◆ WHAT IS NEEDED
You are asked to reproduce the listing exactly and to omit its pictures.

◆ DATASET SECTION
----

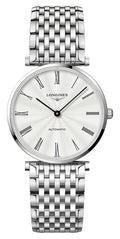 Longines La Grande Classique Automatic Stainless Steel Silver Dial Unisex Watch L4.908.4.71.6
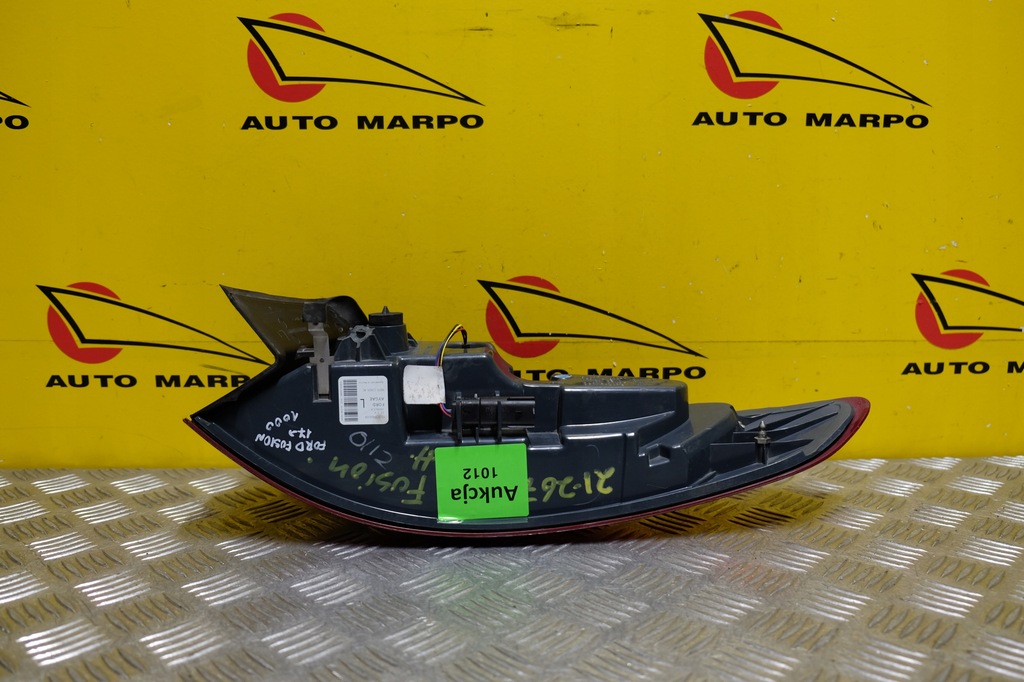 фото №9, Ford fusion 2017- лампа задняя led левая usa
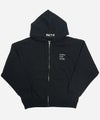 NOPE GOAT ジョイデヴィジョン 15.5oz ジップパーカー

----

◆ OUTPUT FOR THIS TASK
 Longines La Grande Classique Automatic Stainless Steel Silver Dial Unisex Watch L4.908.4.71.6
 фото №9, Ford fusion 2017- лампа задняя led левая usa
 NOPE GOAT ジョイデヴィジョン 15.5oz ジップパーカー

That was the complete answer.